■ **Assigned task**: After locating the line with "Quilt as you go tutorial?", set down that line and all the lines that follow it, unchanged, to the end of the records; omit the pictures.

[Image-text web data]
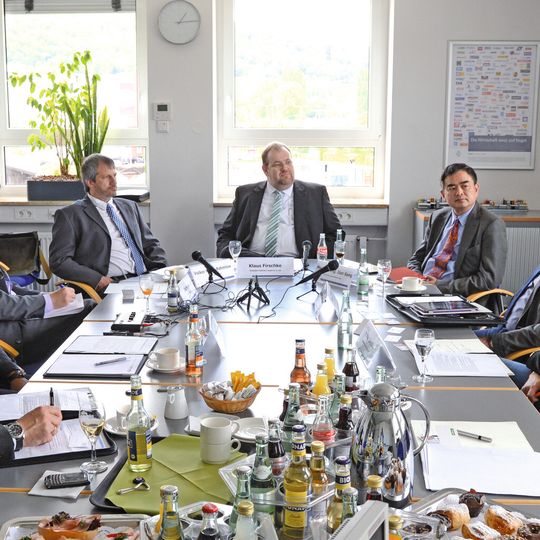 Aktuelle Trends und Anforderungen in der Anschlusstechnik waren das Thema eines Roundtable-Gesprächs. Aktuelle Trends und Anforderungen in der Anschlusstechnik waren das Thema eines Roundtable-Gesprächs.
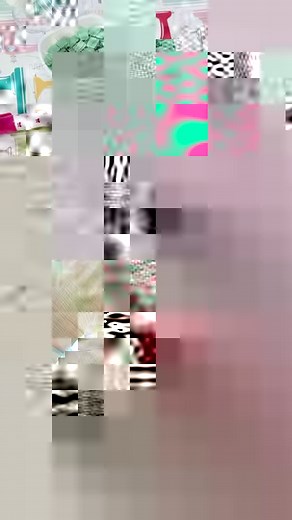 Quilt as you go tutorial? Say no more!The @daisy_and_grace quilt as you go challenge starts next week!So this is your sign to head to the Missouri star quilt shop website and get your supplies ordered! You can use a shape and fabric that you would like! This challenge is going to be so much fun, I can’t wait to see what you do!! Use The link to shop MSQ using my 25% discount! Link is in my profile and the first comment on this post! Also check out my stories for a complete supply list! #qayg #qu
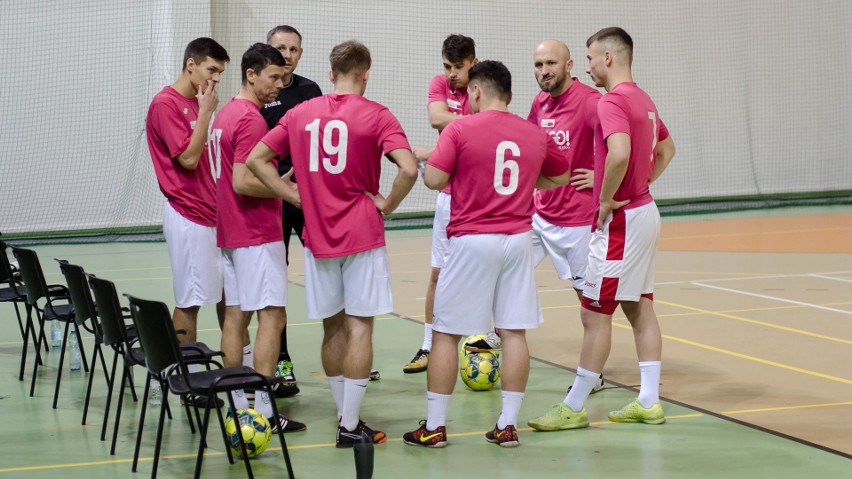 Rozegrano pierwszą kolejkę Kieleckiej Ligi Futsalu (ZDJĘCIA)
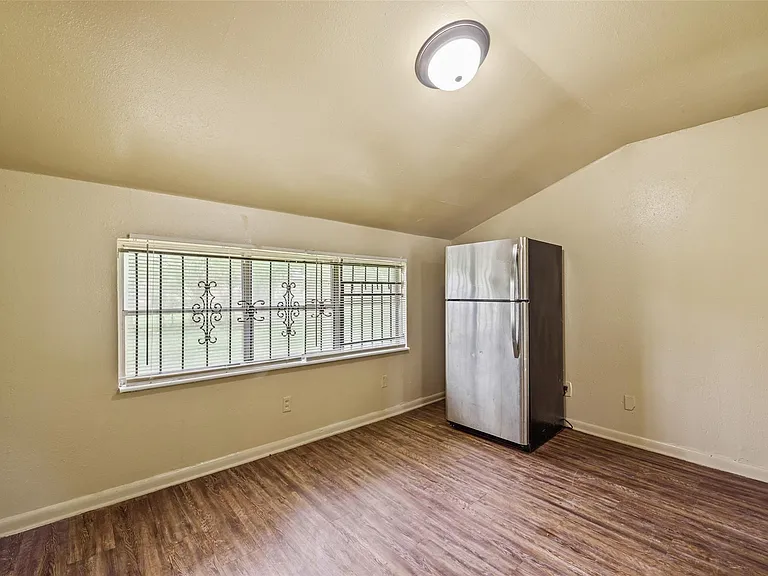 5503 S Acres Dr — Photo 15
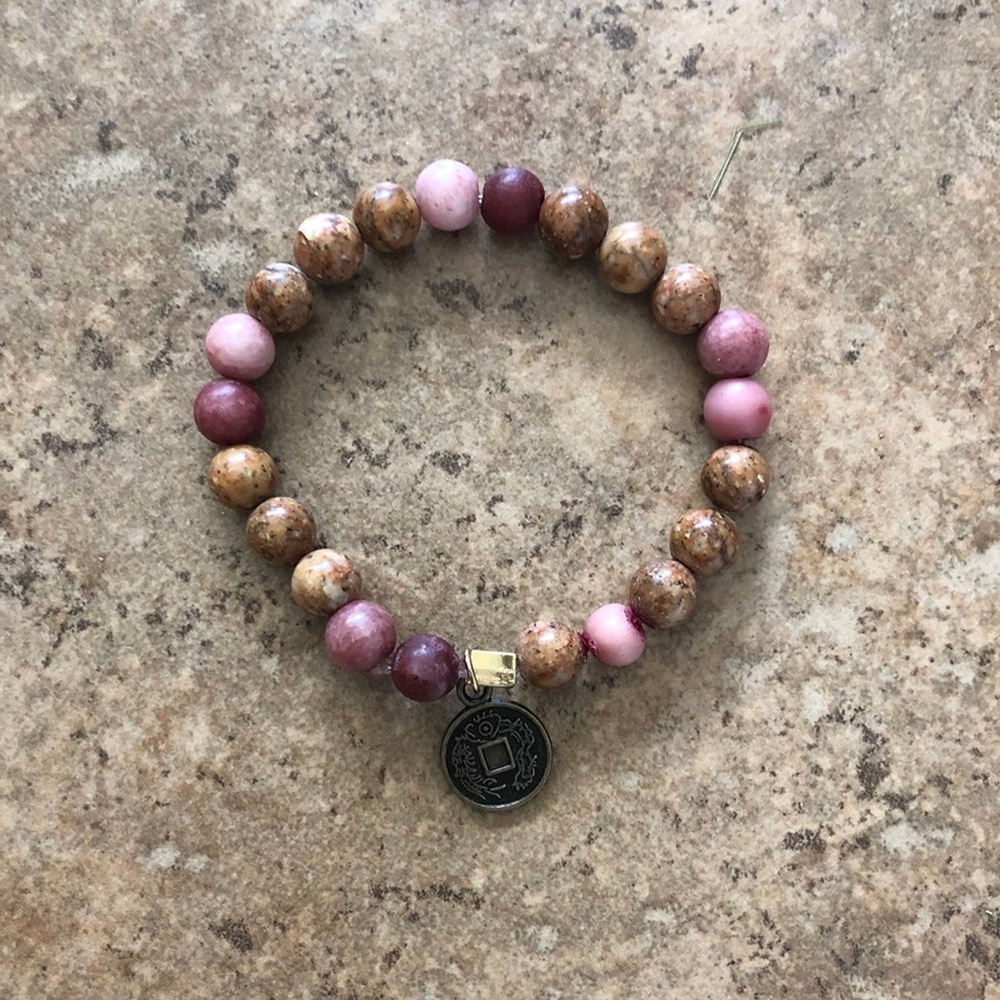 Jasper and resin bracelet with lucky coin - brown and rose earth colors stretch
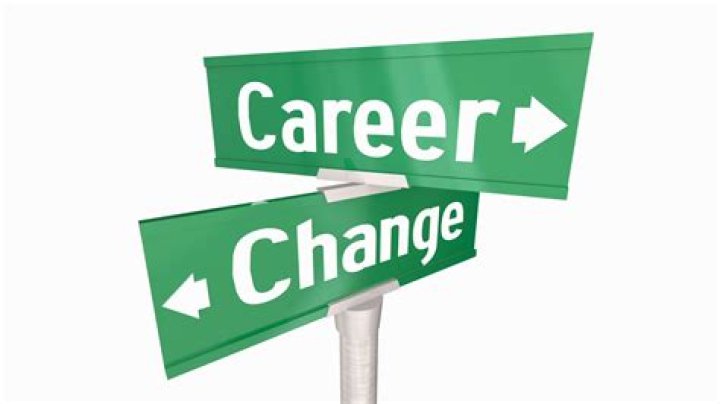 15 Signs You're Ready for a Career Change, According to Experts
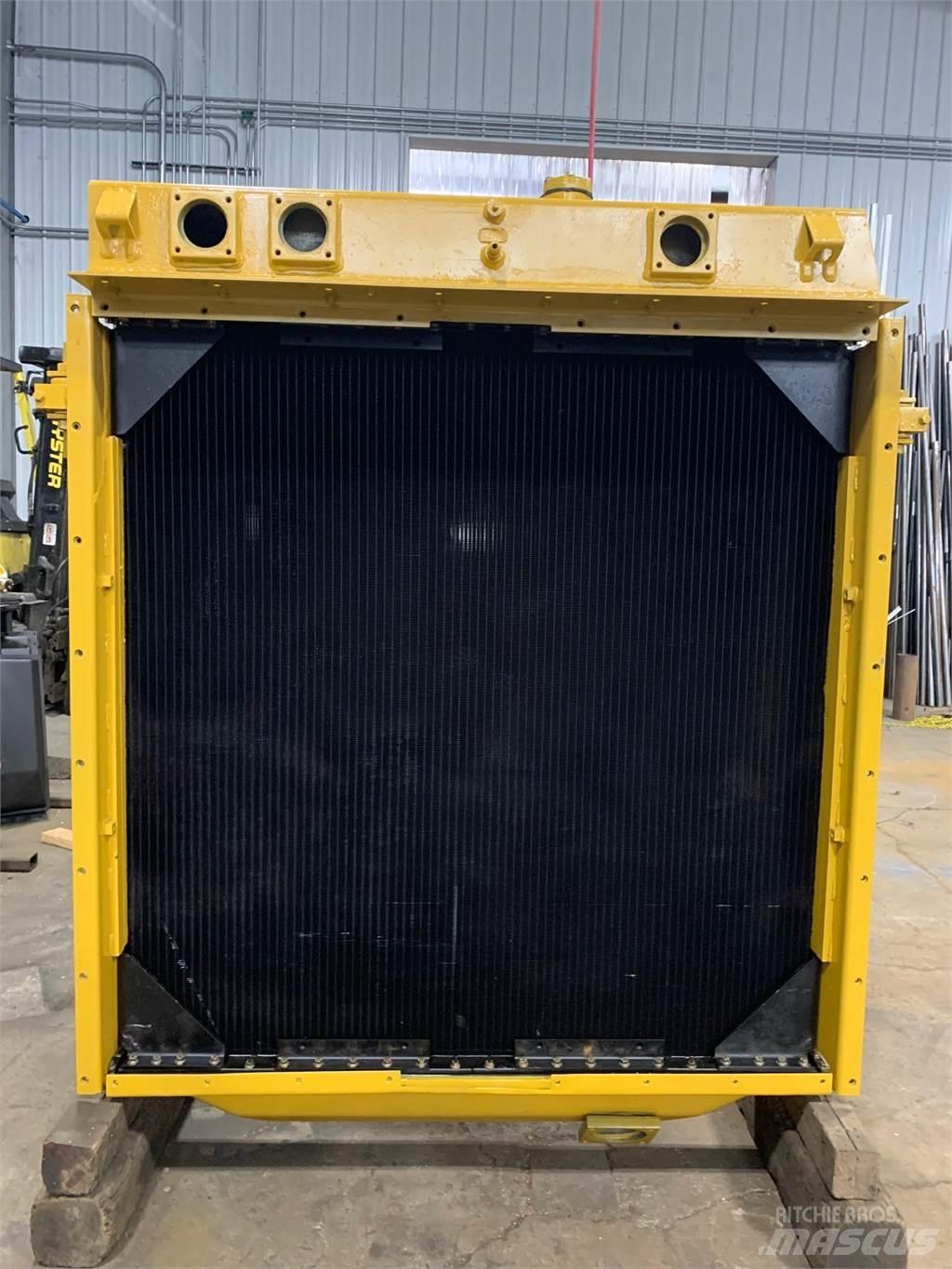 CAT D9L 散热器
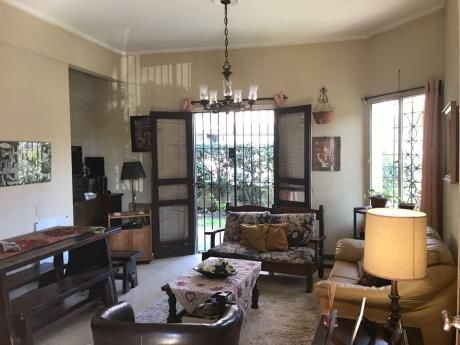 En Venta. Apartamento Con Jardin, 2 Dorm.1 Baño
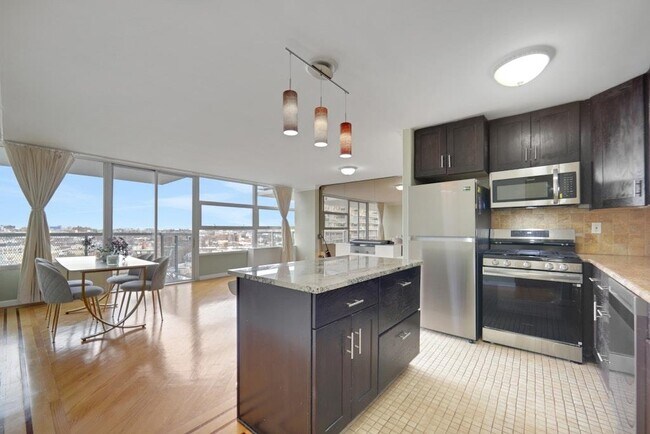 Building Photo - 6050 JFK Blvd E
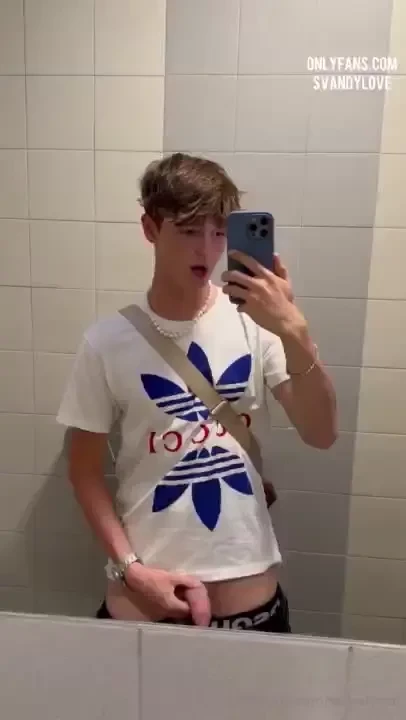 Beating my meat in the toilet on the way to my friends was sooo horny 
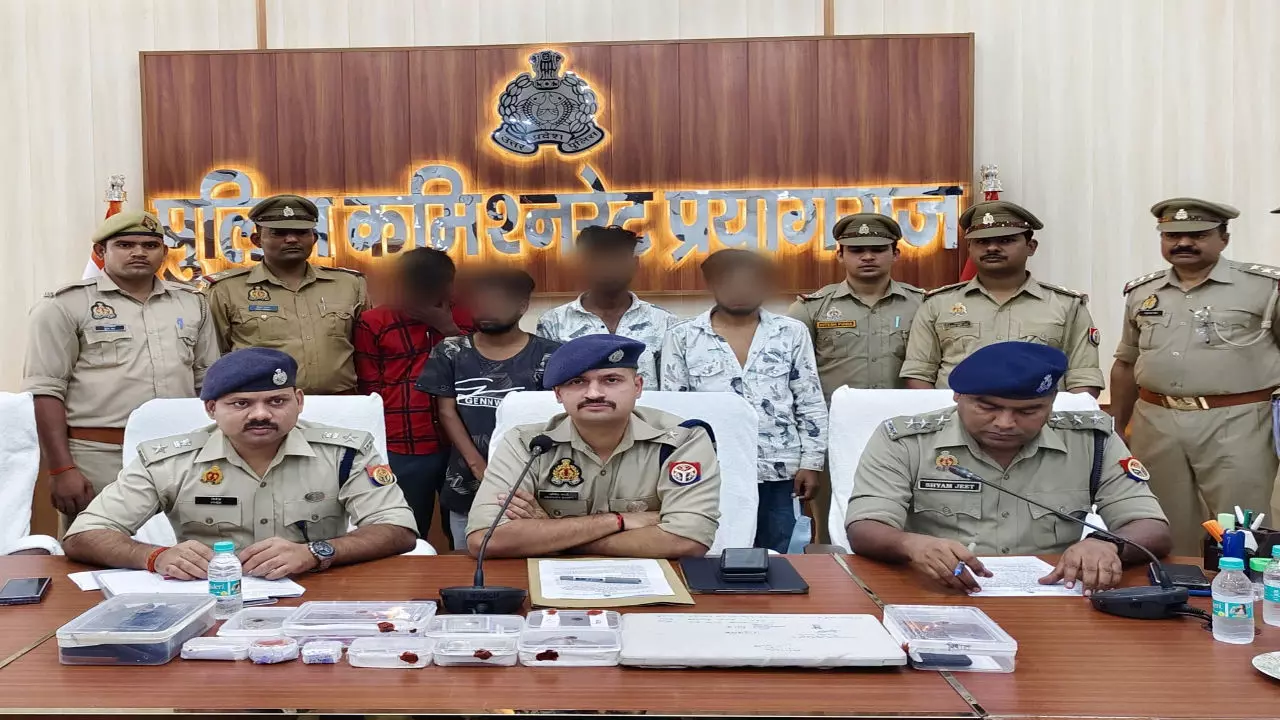 Prayagraj News: हाईवे पर कार पर बम से हमले का खुलासा, 4 बमबाज़ गिरफ्तार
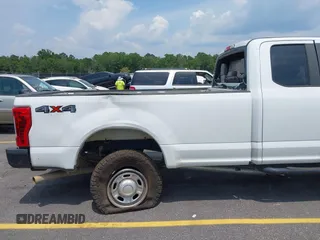 2017 Ford F-250 XLT с VIN 1FT7X2B62HEE58337, выставлен на аукционе IAAI как лот 42553732 с пробегом 136 291 миль миль и . История ставок и продаж доступна на DreamBid. Изображение 18.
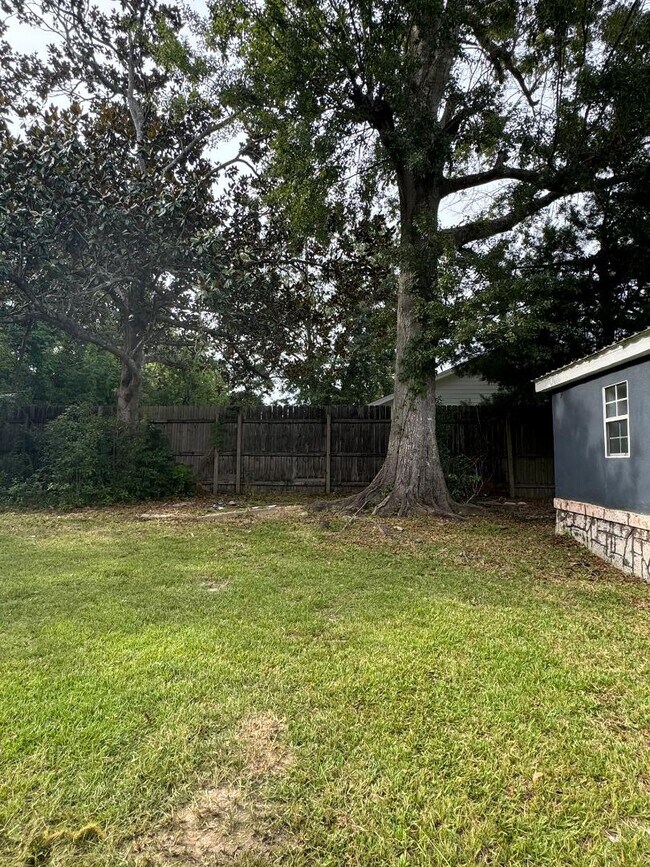 Building Photo - 16590 Gaskin St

■ **Answer for the task**:
 Quilt as you go tutorial? Say no more!The @daisy_and_grace quilt as you go challenge starts next week!So this is your sign to head to the Missouri star quilt shop website and get your supplies ordered! You can use a shape and fabric that you would like! This challenge is going to be so much fun, I can’t wait to see what you do!! Use The link to shop MSQ using my 25% discount! Link is in my profile and the first comment on this post! Also check out my stories for a complete supply list! #qayg #qu
 Rozegrano pierwszą kolejkę Kieleckiej Ligi Futsalu (ZDJĘCIA)
 5503 S Acres Dr — Photo 15
 Jasper and resin bracelet with lucky coin - brown and rose earth colors stretch
 15 Signs You're Ready for a Career Change, According to Experts
 CAT D9L 散热器
 En Venta. Apartamento Con Jardin, 2 Dorm.1 Baño
 Building Photo - 6050 JFK Blvd E
 Beating my meat in the toilet on the way to my friends was sooo horny 
 Prayagraj News: हाईवे पर कार पर बम से हमले का खुलासा, 4 बमबाज़ गिरफ्तार
 2017 Ford F-250 XLT с VIN 1FT7X2B62HEE58337, выставлен на аукционе IAAI как лот 42553732 с пробегом 136 291 миль миль и . История ставок и продаж доступна на DreamBid. Изображение 18.
 Building Photo - 16590 Gaskin St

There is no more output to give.